# [Source data]
=== Section Start ===

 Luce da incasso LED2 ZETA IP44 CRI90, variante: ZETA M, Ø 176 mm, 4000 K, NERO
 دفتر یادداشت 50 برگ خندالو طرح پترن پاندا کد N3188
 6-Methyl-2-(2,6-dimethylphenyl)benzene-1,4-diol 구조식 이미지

=== Section End ===
=== Section Start ===

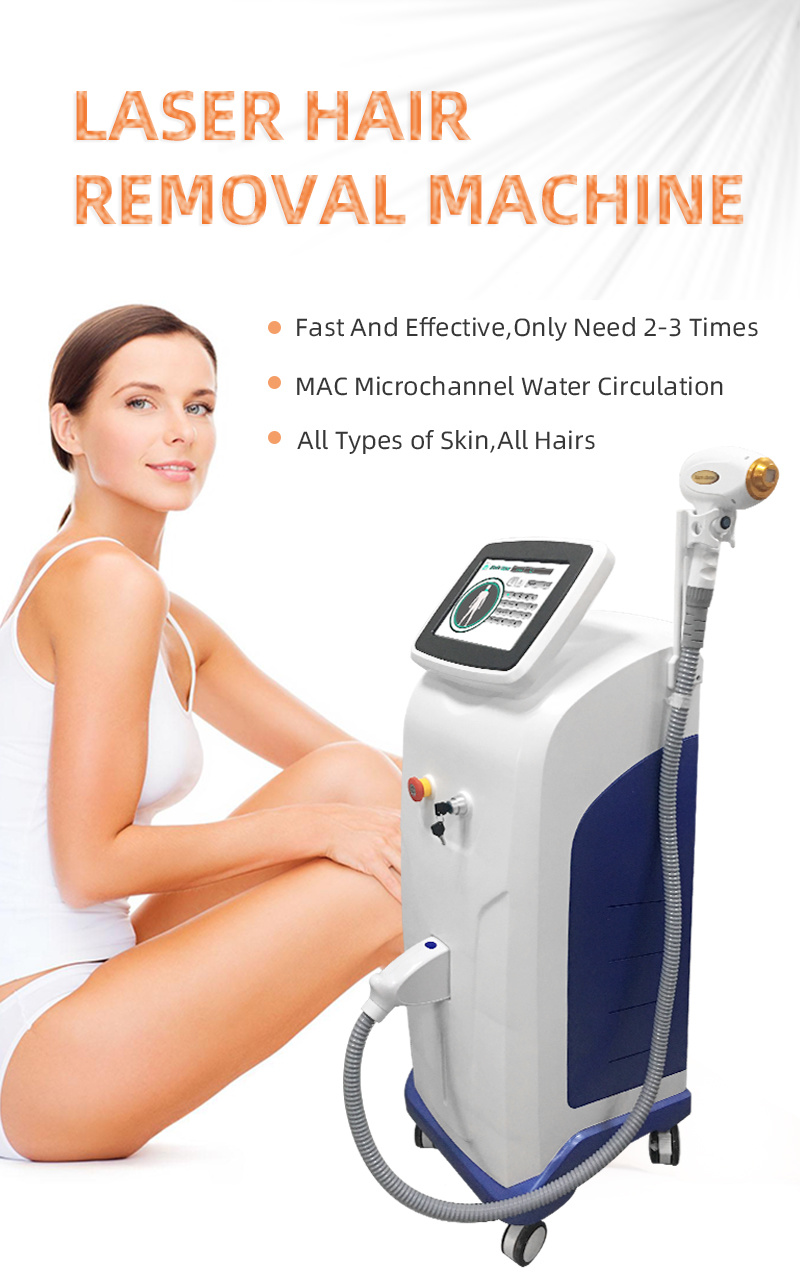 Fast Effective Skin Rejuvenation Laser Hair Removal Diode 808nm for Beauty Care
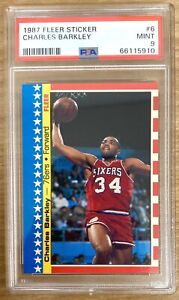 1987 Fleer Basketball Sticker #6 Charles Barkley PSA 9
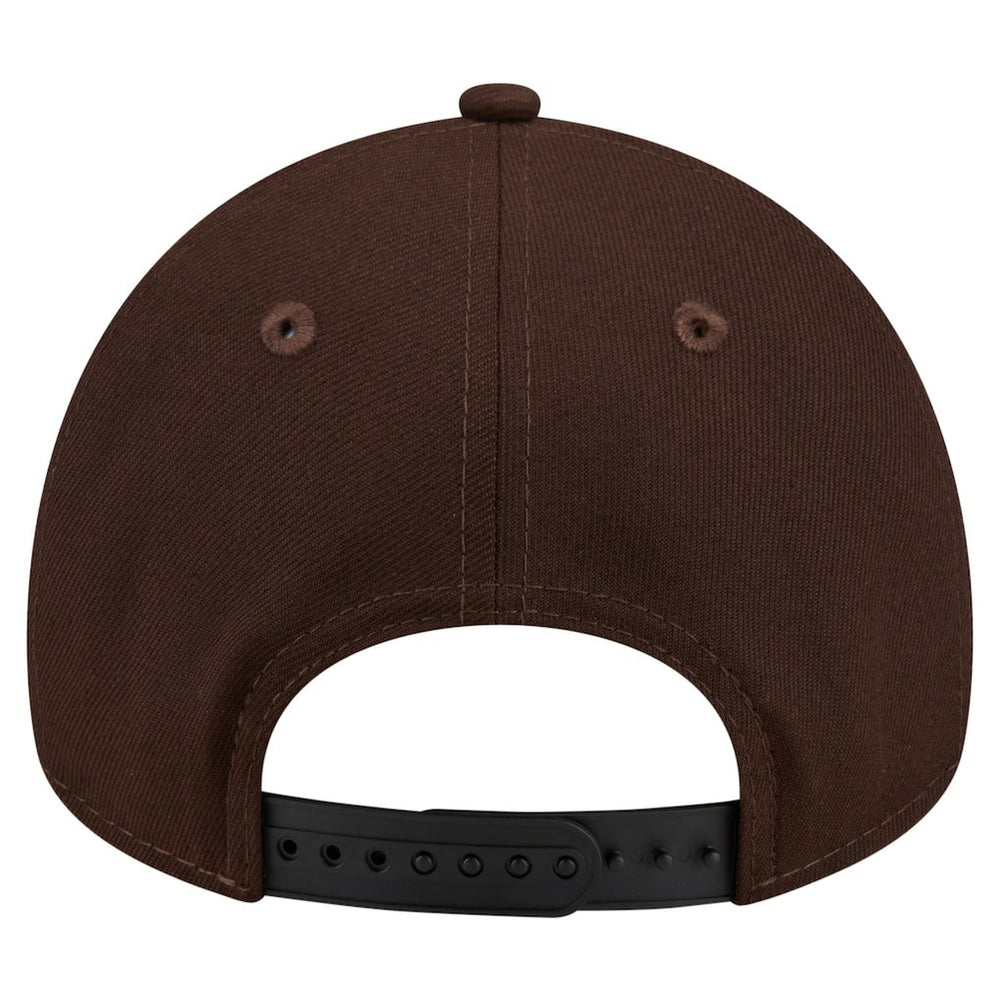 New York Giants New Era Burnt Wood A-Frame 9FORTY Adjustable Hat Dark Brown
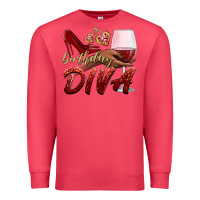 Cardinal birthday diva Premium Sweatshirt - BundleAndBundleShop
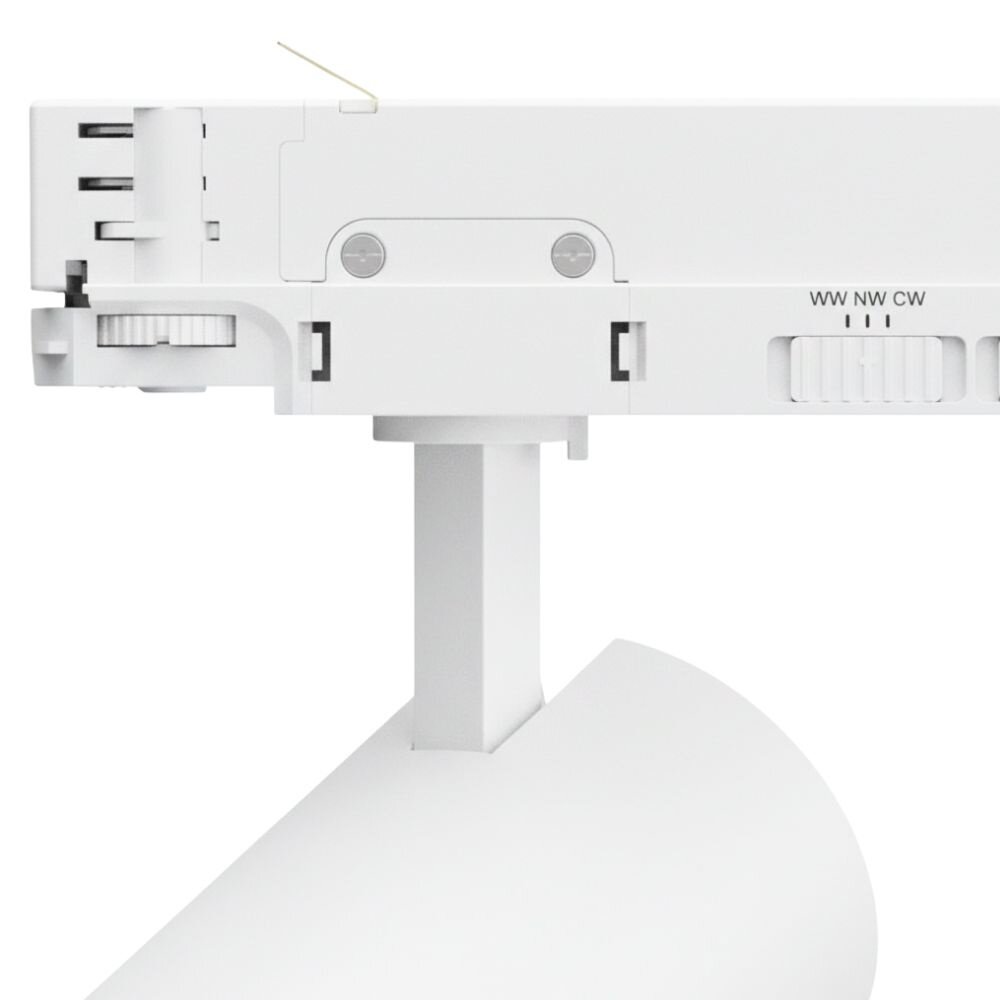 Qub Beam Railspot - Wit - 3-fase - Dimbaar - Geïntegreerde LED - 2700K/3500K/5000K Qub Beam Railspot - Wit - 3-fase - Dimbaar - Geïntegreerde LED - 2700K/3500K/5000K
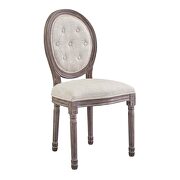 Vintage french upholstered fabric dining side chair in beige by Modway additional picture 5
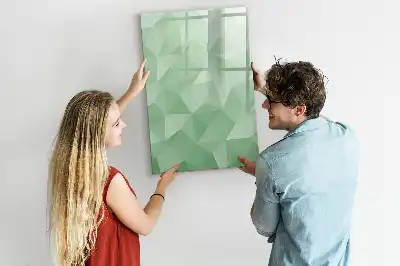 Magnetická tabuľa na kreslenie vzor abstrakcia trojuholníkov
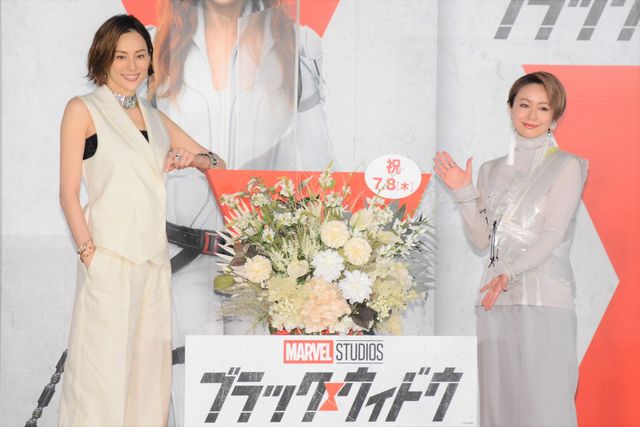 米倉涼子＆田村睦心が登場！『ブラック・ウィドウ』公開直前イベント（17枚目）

=== Section End ===

# [Exercise instructions]
Copy the lines of the data above exactly as written, beginning with the line containing "Luce da incasso" and ending with the line containing "6-Methyl-2-(2,6-dimethylphenyl)benzene-1,4-diol 구조식 이미지", and leave out all other lines.

# [Completed exercise]
 Luce da incasso LED2 ZETA IP44 CRI90, variante: ZETA M, Ø 176 mm, 4000 K, NERO
 دفتر یادداشت 50 برگ خندالو طرح پترن پاندا کد N3188
 6-Methyl-2-(2,6-dimethylphenyl)benzene-1,4-diol 구조식 이미지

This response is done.